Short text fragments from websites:
-=-=-
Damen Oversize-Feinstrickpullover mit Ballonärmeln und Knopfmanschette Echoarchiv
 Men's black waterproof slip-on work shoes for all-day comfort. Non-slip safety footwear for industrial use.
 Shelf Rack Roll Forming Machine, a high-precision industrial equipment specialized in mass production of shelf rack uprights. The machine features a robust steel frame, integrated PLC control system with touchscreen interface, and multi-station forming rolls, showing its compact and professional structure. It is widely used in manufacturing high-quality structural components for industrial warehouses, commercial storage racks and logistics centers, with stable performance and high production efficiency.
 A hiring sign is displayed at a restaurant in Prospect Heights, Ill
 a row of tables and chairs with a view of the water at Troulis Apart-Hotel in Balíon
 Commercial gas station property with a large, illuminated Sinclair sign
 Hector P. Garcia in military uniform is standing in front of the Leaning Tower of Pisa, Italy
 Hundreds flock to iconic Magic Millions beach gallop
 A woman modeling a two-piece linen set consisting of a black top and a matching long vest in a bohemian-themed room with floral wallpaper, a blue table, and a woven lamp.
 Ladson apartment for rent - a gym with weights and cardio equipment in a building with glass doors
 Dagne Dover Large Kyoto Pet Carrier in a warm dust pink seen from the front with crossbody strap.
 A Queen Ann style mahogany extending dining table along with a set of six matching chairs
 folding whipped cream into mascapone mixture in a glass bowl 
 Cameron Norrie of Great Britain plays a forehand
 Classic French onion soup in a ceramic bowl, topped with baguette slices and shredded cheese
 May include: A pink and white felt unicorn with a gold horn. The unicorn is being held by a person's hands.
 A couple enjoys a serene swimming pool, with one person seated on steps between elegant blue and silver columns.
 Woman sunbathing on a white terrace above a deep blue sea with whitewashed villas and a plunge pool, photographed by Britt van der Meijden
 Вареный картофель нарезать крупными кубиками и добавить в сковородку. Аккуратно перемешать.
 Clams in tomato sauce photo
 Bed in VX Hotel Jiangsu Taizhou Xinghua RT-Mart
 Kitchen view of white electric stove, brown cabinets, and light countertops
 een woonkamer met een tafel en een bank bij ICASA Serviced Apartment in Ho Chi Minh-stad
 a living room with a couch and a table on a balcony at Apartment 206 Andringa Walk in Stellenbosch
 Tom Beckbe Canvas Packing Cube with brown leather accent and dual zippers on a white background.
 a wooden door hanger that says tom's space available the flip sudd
-=-=-
**Your goal:**
What lines in the data include the string "front"? Copy each one.

**Problem solution:**
 Hector P. Garcia in military uniform is standing in front of the Leaning Tower of Pisa, Italy
 Dagne Dover Large Kyoto Pet Carrier in a warm dust pink seen from the front with crossbody strap.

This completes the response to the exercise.